Of the entries below, return only those lines from the line with "You might find" to the line with "Silhouette Studios Business", exactly, both included.

[Supplied data]

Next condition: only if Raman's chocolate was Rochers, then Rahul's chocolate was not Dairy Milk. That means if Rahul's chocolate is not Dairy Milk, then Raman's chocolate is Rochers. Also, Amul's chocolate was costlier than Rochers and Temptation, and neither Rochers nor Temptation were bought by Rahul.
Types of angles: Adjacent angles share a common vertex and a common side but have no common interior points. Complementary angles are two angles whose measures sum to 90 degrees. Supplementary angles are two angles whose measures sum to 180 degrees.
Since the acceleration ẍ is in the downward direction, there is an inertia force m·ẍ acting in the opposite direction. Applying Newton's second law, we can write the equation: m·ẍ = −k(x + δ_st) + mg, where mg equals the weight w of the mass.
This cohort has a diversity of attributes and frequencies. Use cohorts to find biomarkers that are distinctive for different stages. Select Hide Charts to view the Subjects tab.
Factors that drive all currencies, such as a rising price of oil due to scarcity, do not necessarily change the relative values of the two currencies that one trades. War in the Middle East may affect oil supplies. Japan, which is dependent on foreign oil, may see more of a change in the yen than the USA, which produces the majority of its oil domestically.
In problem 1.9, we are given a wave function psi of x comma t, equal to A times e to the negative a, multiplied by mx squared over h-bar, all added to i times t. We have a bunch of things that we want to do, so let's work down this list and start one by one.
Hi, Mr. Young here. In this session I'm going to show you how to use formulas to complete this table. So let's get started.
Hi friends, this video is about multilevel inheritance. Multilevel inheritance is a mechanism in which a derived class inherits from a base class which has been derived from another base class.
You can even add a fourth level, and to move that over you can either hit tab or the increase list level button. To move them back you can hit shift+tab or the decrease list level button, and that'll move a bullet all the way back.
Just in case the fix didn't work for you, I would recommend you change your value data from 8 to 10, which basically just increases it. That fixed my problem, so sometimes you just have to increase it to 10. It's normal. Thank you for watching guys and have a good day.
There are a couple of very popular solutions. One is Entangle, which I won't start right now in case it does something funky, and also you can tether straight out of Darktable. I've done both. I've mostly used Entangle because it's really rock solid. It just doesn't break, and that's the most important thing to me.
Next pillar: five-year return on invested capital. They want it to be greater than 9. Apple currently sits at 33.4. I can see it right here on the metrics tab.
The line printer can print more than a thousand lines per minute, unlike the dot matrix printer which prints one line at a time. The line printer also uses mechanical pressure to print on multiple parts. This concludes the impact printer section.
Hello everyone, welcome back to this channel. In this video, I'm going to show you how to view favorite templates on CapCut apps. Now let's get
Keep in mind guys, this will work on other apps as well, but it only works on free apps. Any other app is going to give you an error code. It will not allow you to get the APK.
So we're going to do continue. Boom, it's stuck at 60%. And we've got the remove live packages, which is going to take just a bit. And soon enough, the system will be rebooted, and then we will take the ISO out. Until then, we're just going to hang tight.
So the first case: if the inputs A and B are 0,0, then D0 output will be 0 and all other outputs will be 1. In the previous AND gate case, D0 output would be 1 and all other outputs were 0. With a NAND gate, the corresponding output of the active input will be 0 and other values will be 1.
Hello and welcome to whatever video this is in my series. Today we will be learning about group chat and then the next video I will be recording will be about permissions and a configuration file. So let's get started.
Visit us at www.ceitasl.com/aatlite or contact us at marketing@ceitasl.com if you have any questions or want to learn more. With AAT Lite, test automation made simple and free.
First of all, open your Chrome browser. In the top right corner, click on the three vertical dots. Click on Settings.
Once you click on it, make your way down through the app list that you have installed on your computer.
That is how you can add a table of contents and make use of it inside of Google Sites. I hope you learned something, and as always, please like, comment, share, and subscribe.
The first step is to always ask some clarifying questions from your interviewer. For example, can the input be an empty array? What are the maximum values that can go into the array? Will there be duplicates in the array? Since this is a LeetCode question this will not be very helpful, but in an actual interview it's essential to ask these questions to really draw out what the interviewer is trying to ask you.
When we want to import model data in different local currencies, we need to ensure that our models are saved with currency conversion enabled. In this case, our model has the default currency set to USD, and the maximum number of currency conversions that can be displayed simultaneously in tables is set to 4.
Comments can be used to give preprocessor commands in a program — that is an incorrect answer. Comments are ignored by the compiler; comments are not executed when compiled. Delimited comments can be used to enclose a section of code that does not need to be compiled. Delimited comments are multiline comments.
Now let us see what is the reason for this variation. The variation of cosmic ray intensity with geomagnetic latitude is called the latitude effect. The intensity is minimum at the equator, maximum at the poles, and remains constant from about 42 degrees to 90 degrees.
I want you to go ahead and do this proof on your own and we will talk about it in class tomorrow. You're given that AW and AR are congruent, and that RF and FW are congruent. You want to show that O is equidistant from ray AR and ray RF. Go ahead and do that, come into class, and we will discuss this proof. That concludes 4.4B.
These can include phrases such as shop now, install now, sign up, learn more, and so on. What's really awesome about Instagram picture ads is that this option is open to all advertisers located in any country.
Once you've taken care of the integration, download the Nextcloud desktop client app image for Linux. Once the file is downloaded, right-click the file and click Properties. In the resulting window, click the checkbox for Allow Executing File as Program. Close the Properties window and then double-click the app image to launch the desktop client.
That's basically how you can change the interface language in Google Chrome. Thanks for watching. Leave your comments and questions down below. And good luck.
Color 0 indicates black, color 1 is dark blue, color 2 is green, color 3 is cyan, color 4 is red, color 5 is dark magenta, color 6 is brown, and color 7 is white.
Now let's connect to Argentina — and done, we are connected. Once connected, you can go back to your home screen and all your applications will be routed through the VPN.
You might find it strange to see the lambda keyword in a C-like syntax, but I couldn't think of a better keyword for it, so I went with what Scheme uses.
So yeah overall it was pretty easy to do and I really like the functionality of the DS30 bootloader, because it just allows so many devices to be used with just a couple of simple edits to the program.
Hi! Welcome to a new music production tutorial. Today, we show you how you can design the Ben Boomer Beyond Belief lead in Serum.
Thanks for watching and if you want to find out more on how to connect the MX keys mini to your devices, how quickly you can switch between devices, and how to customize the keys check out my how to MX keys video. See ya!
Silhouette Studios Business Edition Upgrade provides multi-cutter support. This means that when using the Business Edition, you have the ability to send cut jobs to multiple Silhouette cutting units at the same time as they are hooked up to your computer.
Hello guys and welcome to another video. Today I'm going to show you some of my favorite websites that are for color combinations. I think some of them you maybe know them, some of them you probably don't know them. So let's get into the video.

[/Supplied data]

Response to this exercise.
You might find it strange to see the lambda keyword in a C-like syntax, but I couldn't think of a better keyword for it, so I went with what Scheme uses.
So yeah overall it was pretty easy to do and I really like the functionality of the DS30 bootloader, because it just allows so many devices to be used with just a couple of simple edits to the program.
Hi! Welcome to a new music production tutorial. Today, we show you how you can design the Ben Boomer Beyond Belief lead in Serum.
Thanks for watching and if you want to find out more on how to connect the MX keys mini to your devices, how quickly you can switch between devices, and how to customize the keys check out my how to MX keys video. See ya!
Silhouette Studios Business Edition Upgrade provides multi-cutter support. This means that when using the Business Edition, you have the ability to send cut jobs to multiple Silhouette cutting units at the same time as they are hooked up to your computer.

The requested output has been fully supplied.